• SUPPLIED INFORMATION:

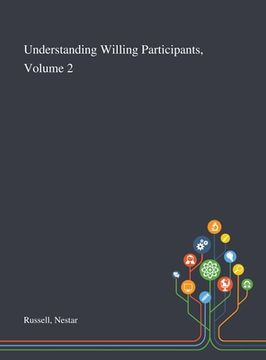 portada Understanding Willing Participants, Volume 2 (en Inglés)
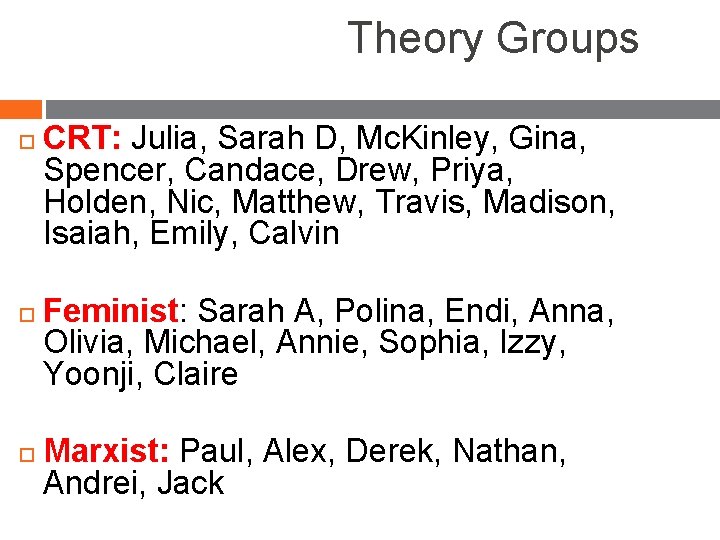Theory Groups CRT: Julia, Sarah D, Mc. Kinley, Gina, Spencer, Candace, Drew, Priya, Holden,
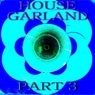 House Garland, Pt. 3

• YOUR ASSIGNMENT: Please return the whole listing exactly. Do not copy its images.

• OUTPUT:
 portada Understanding Willing Participants, Volume 2 (en Inglés)
Theory Groups CRT: Julia, Sarah D, Mc. Kinley, Gina, Spencer, Candace, Drew, Priya, Holden,
 House Garland, Pt. 3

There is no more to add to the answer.